**ABOUT THIS EXERCISE**: Give back the data in full, with every line exact.

SUPPLIED MATERIAL below:

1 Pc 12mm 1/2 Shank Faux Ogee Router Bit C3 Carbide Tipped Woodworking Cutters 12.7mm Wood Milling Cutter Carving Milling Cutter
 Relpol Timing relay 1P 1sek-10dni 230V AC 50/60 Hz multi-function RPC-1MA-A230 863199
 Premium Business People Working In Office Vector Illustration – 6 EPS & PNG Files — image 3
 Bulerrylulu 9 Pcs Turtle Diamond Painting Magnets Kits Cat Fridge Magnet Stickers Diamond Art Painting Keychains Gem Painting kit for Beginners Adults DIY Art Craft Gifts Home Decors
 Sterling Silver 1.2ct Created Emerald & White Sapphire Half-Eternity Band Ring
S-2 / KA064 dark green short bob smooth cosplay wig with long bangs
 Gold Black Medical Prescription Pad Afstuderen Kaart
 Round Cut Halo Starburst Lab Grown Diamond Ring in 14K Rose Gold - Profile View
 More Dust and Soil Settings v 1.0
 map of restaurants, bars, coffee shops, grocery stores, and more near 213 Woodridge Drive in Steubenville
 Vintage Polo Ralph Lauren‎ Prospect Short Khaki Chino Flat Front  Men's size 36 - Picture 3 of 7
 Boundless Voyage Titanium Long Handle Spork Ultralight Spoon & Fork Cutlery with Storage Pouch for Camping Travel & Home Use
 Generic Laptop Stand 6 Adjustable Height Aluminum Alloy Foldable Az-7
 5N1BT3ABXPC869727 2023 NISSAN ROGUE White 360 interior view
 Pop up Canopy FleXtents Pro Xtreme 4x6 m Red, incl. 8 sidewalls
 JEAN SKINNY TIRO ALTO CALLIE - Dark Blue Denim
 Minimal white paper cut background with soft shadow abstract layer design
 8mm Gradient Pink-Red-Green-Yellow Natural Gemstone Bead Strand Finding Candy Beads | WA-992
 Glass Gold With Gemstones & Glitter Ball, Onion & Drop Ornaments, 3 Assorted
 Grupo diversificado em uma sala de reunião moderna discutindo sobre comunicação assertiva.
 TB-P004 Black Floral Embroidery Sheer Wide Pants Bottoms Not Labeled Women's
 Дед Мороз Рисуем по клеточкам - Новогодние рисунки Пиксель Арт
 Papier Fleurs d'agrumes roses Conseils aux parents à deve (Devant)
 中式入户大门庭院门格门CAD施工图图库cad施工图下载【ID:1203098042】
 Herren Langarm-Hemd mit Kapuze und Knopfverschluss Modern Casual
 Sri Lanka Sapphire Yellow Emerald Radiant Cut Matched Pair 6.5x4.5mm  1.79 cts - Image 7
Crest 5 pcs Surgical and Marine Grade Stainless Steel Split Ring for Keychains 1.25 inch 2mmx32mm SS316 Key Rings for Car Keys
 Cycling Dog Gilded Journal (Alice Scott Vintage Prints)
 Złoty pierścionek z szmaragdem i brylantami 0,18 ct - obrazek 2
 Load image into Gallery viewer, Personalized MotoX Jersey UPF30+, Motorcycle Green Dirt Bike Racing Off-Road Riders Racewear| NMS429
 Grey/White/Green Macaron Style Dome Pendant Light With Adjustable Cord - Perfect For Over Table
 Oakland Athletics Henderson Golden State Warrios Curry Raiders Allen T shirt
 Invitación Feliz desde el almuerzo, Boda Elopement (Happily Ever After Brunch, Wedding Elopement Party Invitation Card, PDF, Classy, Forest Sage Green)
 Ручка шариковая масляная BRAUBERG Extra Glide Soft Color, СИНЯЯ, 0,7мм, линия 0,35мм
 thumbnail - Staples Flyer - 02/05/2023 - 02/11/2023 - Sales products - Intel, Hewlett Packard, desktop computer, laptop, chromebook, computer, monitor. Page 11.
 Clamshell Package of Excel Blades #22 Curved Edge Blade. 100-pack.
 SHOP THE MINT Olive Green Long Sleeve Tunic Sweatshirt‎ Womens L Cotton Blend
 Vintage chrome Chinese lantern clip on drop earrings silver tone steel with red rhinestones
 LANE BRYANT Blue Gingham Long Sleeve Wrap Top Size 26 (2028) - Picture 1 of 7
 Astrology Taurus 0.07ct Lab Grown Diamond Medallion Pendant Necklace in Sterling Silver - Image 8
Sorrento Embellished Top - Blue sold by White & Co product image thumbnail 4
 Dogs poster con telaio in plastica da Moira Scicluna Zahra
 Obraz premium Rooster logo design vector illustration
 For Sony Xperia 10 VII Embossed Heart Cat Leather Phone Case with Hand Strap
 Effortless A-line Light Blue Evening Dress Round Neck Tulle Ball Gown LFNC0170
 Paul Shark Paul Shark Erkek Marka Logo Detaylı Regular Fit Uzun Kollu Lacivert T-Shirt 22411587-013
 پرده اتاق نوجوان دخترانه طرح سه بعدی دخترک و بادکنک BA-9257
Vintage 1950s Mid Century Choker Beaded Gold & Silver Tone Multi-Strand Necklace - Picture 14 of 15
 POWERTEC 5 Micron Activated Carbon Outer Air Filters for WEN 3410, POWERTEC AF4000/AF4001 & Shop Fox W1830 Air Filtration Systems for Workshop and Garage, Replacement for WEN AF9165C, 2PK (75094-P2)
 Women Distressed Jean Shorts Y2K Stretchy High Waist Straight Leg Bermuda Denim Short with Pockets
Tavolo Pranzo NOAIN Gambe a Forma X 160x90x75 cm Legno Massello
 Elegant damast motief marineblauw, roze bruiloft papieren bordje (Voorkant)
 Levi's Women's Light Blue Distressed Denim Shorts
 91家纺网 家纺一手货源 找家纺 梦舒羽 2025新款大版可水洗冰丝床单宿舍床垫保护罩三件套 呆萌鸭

End of SUPPLIED MATERIAL.

**RESPONSE FOR THIS EXERCISE**:
1 Pc 12mm 1/2 Shank Faux Ogee Router Bit C3 Carbide Tipped Woodworking Cutters 12.7mm Wood Milling Cutter Carving Milling Cutter
 Relpol Timing relay 1P 1sek-10dni 230V AC 50/60 Hz multi-function RPC-1MA-A230 863199
 Premium Business People Working In Office Vector Illustration – 6 EPS & PNG Files — image 3
 Bulerrylulu 9 Pcs Turtle Diamond Painting Magnets Kits Cat Fridge Magnet Stickers Diamond Art Painting Keychains Gem Painting kit for Beginners Adults DIY Art Craft Gifts Home Decors
 Sterling Silver 1.2ct Created Emerald & White Sapphire Half-Eternity Band Ring
S-2 / KA064 dark green short bob smooth cosplay wig with long bangs
 Gold Black Medical Prescription Pad Afstuderen Kaart
 Round Cut Halo Starburst Lab Grown Diamond Ring in 14K Rose Gold - Profile View
 More Dust and Soil Settings v 1.0
 map of restaurants, bars, coffee shops, grocery stores, and more near 213 Woodridge Drive in Steubenville
 Vintage Polo Ralph Lauren‎ Prospect Short Khaki Chino Flat Front  Men's size 36 - Picture 3 of 7
 Boundless Voyage Titanium Long Handle Spork Ultralight Spoon & Fork Cutlery with Storage Pouch for Camping Travel & Home Use
 Generic Laptop Stand 6 Adjustable Height Aluminum Alloy Foldable Az-7
 5N1BT3ABXPC869727 2023 NISSAN ROGUE White 360 interior view
 Pop up Canopy FleXtents Pro Xtreme 4x6 m Red, incl. 8 sidewalls
 JEAN SKINNY TIRO ALTO CALLIE - Dark Blue Denim
 Minimal white paper cut background with soft shadow abstract layer design
 8mm Gradient Pink-Red-Green-Yellow Natural Gemstone Bead Strand Finding Candy Beads | WA-992
 Glass Gold With Gemstones & Glitter Ball, Onion & Drop Ornaments, 3 Assorted
 Grupo diversificado em uma sala de reunião moderna discutindo sobre comunicação assertiva.
 TB-P004 Black Floral Embroidery Sheer Wide Pants Bottoms Not Labeled Women's
 Дед Мороз Рисуем по клеточкам - Новогодние рисунки Пиксель Арт
 Papier Fleurs d'agrumes roses Conseils aux parents à deve (Devant)
 中式入户大门庭院门格门CAD施工图图库cad施工图下载【ID:1203098042】
 Herren Langarm-Hemd mit Kapuze und Knopfverschluss Modern Casual
 Sri Lanka Sapphire Yellow Emerald Radiant Cut Matched Pair 6.5x4.5mm  1.79 cts - Image 7
Crest 5 pcs Surgical and Marine Grade Stainless Steel Split Ring for Keychains 1.25 inch 2mmx32mm SS316 Key Rings for Car Keys
 Cycling Dog Gilded Journal (Alice Scott Vintage Prints)
 Złoty pierścionek z szmaragdem i brylantami 0,18 ct - obrazek 2
 Load image into Gallery viewer, Personalized MotoX Jersey UPF30+, Motorcycle Green Dirt Bike Racing Off-Road Riders Racewear| NMS429
 Grey/White/Green Macaron Style Dome Pendant Light With Adjustable Cord - Perfect For Over Table
 Oakland Athletics Henderson Golden State Warrios Curry Raiders Allen T shirt
 Invitación Feliz desde el almuerzo, Boda Elopement (Happily Ever After Brunch, Wedding Elopement Party Invitation Card, PDF, Classy, Forest Sage Green)
 Ручка шариковая масляная BRAUBERG Extra Glide Soft Color, СИНЯЯ, 0,7мм, линия 0,35мм
 thumbnail - Staples Flyer - 02/05/2023 - 02/11/2023 - Sales products - Intel, Hewlett Packard, desktop computer, laptop, chromebook, computer, monitor. Page 11.
 Clamshell Package of Excel Blades #22 Curved Edge Blade. 100-pack.
 SHOP THE MINT Olive Green Long Sleeve Tunic Sweatshirt‎ Womens L Cotton Blend
 Vintage chrome Chinese lantern clip on drop earrings silver tone steel with red rhinestones
 LANE BRYANT Blue Gingham Long Sleeve Wrap Top Size 26 (2028) - Picture 1 of 7
 Astrology Taurus 0.07ct Lab Grown Diamond Medallion Pendant Necklace in Sterling Silver - Image 8
Sorrento Embellished Top - Blue sold by White & Co product image thumbnail 4
 Dogs poster con telaio in plastica da Moira Scicluna Zahra
 Obraz premium Rooster logo design vector illustration
 For Sony Xperia 10 VII Embossed Heart Cat Leather Phone Case with Hand Strap
 Effortless A-line Light Blue Evening Dress Round Neck Tulle Ball Gown LFNC0170
 Paul Shark Paul Shark Erkek Marka Logo Detaylı Regular Fit Uzun Kollu Lacivert T-Shirt 22411587-013
 پرده اتاق نوجوان دخترانه طرح سه بعدی دخترک و بادکنک BA-9257
Vintage 1950s Mid Century Choker Beaded Gold & Silver Tone Multi-Strand Necklace - Picture 14 of 15
 POWERTEC 5 Micron Activated Carbon Outer Air Filters for WEN 3410, POWERTEC AF4000/AF4001 & Shop Fox W1830 Air Filtration Systems for Workshop and Garage, Replacement for WEN AF9165C, 2PK (75094-P2)
 Women Distressed Jean Shorts Y2K Stretchy High Waist Straight Leg Bermuda Denim Short with Pockets
Tavolo Pranzo NOAIN Gambe a Forma X 160x90x75 cm Legno Massello
 Elegant damast motief marineblauw, roze bruiloft papieren bordje (Voorkant)
 Levi's Women's Light Blue Distressed Denim Shorts
 91家纺网 家纺一手货源 找家纺 梦舒羽 2025新款大版可水洗冰丝床单宿舍床垫保护罩三件套 呆萌鸭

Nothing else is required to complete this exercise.